Since the Treasury Committee took evidence in Belfast a number of months ago on the banking crisis, I have continually been in contact with many of the distressed savers, as well as with the moderator of the Presbyterian Church, Dr. Donald Patton. I have also had meetings with Lord Myners and I have written to the administrator, Arthur Boyd. There is an issue here about the Financial Services Authority getting in touch. If the Northern Ireland Executive, the Presbyterian Church itself and Her Majesty’s Treasury got together, I think that we could get a solution. There is a need for added urgency, and I ask the Secretary of State to take that message back to ensure that we get justice for many of these distressed people.
I welcome my right hon. Friend’s intervention, and it is a mark of his interest in these matters that he came and took hearings in Northern Ireland. I know that all hon. Members would want to welcome his work and contribution. As I said, the Prime Minister continues to take an active interest the matter, as does my right hon. Friend the Chief Secretary, and we will continue to follow it up. There are issues about the regulation of bodies such as the PMS in Northern Ireland and they will need to be addressed. There will be lessons to be learned for the future. For the 9,500 investors, I appreciate that there are real and pressing questions—particularly for those who invested less than £20,000. We all have a duty to do what we can to help them—and that also goes for my right hon. Friend the Prime Minister.
Is the Secretary of State aware that the Select Committee on Northern Ireland Affairs is very grateful to the Treasury Committee for the initiative that it has taken? We would have liked to look into the matter, but as the Secretary of State says, it is devolved. Every member of the Committee has received representations that underline the severity of the situation, so will he please take up the suggestion just made by the right hon. Member for West Dunbartonshire (John McFall), the Chairman of the Treasury Committee, and convene a meeting of all the interested parties to try to reach a solution?

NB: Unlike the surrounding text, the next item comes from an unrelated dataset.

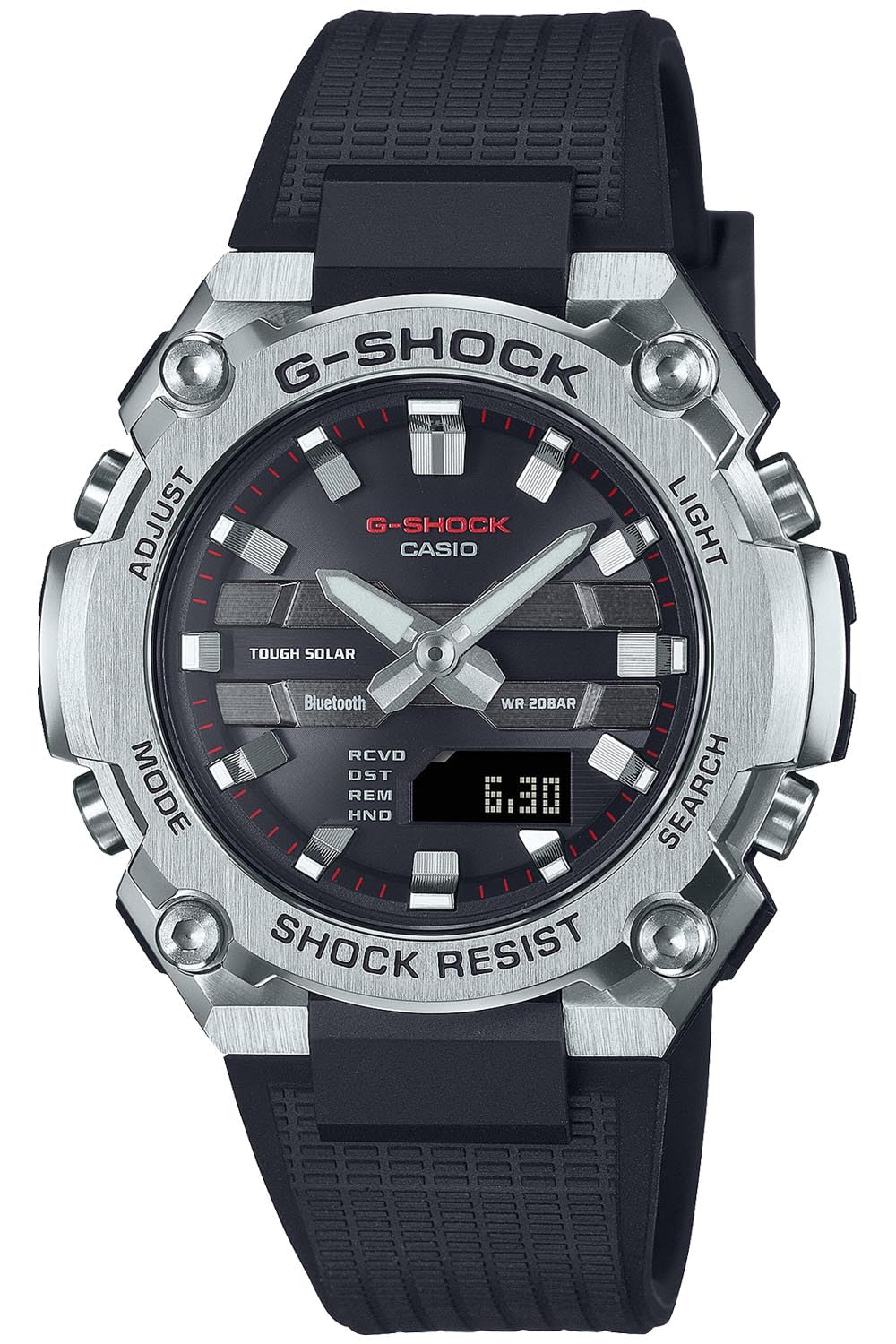 

Годинник Bluetooth, оснащений сонячним кольором [Casio] G-Shock [] G-STEEL GST-B600-1AJF для чоловіків чорний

As always, I welcome the advice of the Chairman of the Northern Ireland Affairs Committee, who always has a considered approach to these matters. I am prepared to work to bring people together. Equally, however—I am sure that the hon. Gentleman shares my view—I am very conscious of the fact that if government is devolved, that must be recognised, and we cannot suddenly be seen to be trying to take control of an issue through the back door simply because we are not quite sure whether it is being handled in the way we might have wanted. This is an issue on which I do not think the 9,500 investors will thank Members of this House or of the Assembly for simply saying, “Bureaucracy means that we cannot help.” I am prepared to break the bureaucracy, and if that is taken in which it is meant, I am prepared to work with the hon. Gentleman and other colleagues to help those investors.
I have listened carefully to what the Minister has said, and he now seems to be warming up and willing to take this on. It does not matter how often he says that the Prime Minister takes an active interest in the matter; the test is whether he is going to do anything with some dispatch. That is what the House wants. It is not a question of devolved administration; the issue has arisen against the backdrop of the economic and banking crisis, which is a matter for the First Lord of the Treasury, the Prime Minister. This House wants him to proceed as if this were happening in Greater London, where 900,000 investors would be kicking up, and everyone would be demanding debates and action this day.

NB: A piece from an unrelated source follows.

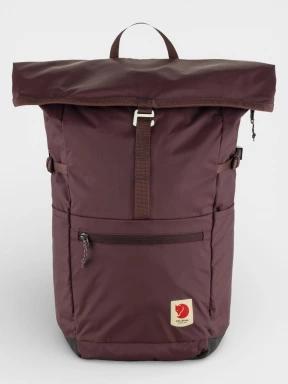 Fjallraven High Coast Foldsack 24 hátizsák bordó színben 1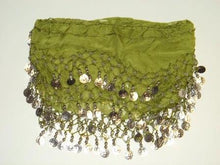 Load image into Gallery viewer, C128 Belly Dance Coin Skirt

As always, the Churchillian recognition of my hon. Friend is helpful in allowing me to enjoy this a little more; I am tempted to say I am enjoying this, but perhaps I should resist that.
We have to recognise again that these are not savers; they were investors. As such, they made an investment as risk capital in the form of withdrawable shares and loans. There is an issue about whether or not this should have been regulated; it was registered; it should have been regulated. There is an issue that I continue to want the FSA to look at, but I am not trying to evade our responsibility. If we can find a way to help these people, we should do so. I am prepared to break the bureaucracy to do it, if it is at all possible.

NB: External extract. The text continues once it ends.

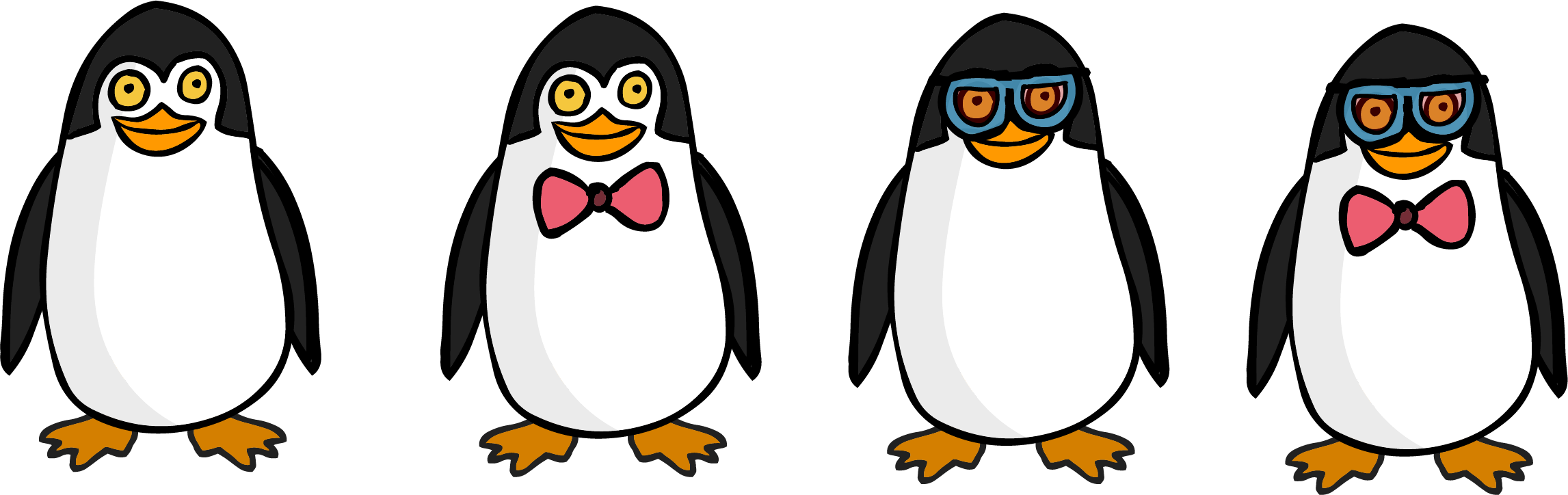 The Ability To Hear Your Code Out-loud Became Possible - Adã©lie Penguin (2293x724)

It was the Government’s guarantee to other banks and the failure of regulation that brought about the collapse of the Presbyterian Mutual. I met the former moderator and the general secretary on Monday, and I was shocked to learn that they had written to the Prime Minister three times since November, but he had sent only one holding reply. I was also surprised to find out that the Secretary of State had not met them. The Prime Minister is the architect of the current financial regulatory system. If his Presbyterian conscience extended to Dunfermline, why will he not apply it to the Presbyterian Mutual?
First, I want to acknowledge that the hon. Gentleman is the most assiduous visitor to Northern Ireland who has ever held the Opposition spokesman’s job. He cannot help but be there at least half of every week, and we should acknowledge that. I just wish that he would sometimes learn a bit more while he was there. As I have said to him, the Presbyterian Mutual Society is made up not of savers but of investors. The issue is devolved, and I know he has a problem with that—of course, his party has formed an alliance with the Ulster Unionists in the hope of making some progress nationally—but the fact is that devolution has happened. He must respect, rather than undermine, devolution. The Prime Minister has taken an interest in the matter and met the First Minister and Deputy First Minister on it. We have held discussions, and further meetings will take place. But the hon. Gentleman must respect the fact that devolution does not mean bringing the matter back to Westminster through the back door.
Contrast that with the clarity of the right hon. Gentleman’s successor, my right hon. Friend the Member for Witney (Mr. Cameron), who said at a public meeting in Ballymena two weeks ago:
“I am not here to make spending promises. But what I can tell you is that if I was Prime Minister I would take a very good look at whether people are being treated fairly. So I think this is a real case for the Prime Minister to think again”.
So, will the Secretary of State answer directly the question put by my hon. Friend the Member for South Staffordshire (Sir Patrick Cormack)? Will the right hon. Gentleman agree to take a delegation representing the Presbyterian Mutual and the savers to see the Prime Minister in the next couple of weeks, to find a solution to protect many innocent people who fear the loss of their life savings?
Once again, we recognise the problem of the 9,500 savers. The hon. Gentleman refers to the leader of his party, the right hon. Member for Witney (Mr. Cameron)—and I must admit that I know a thing or two about Witney. He did travel to Northern Ireland, and he said to people that he was not there to make spending promises. As my hon. Friends know, that is probably because everywhere he goes he is promising to make 10 per cent. cuts, should we ever see him in government. The people of Northern Ireland should pay careful attention to the words of the hon. Gentleman’s leader, because he would be very bad news for them. He does not understand the problems of Northern Ireland or of the Presbyterian Mutual, or that the Presbyterian Mutual is made up of investors not savers. As I have said, my right hon. Friend the Prime Minister will meet the First Minister and Deputy First Minister again to see what can be done to help such people, not with empty slogans and hollow promises but with real action—and not by doing nothing.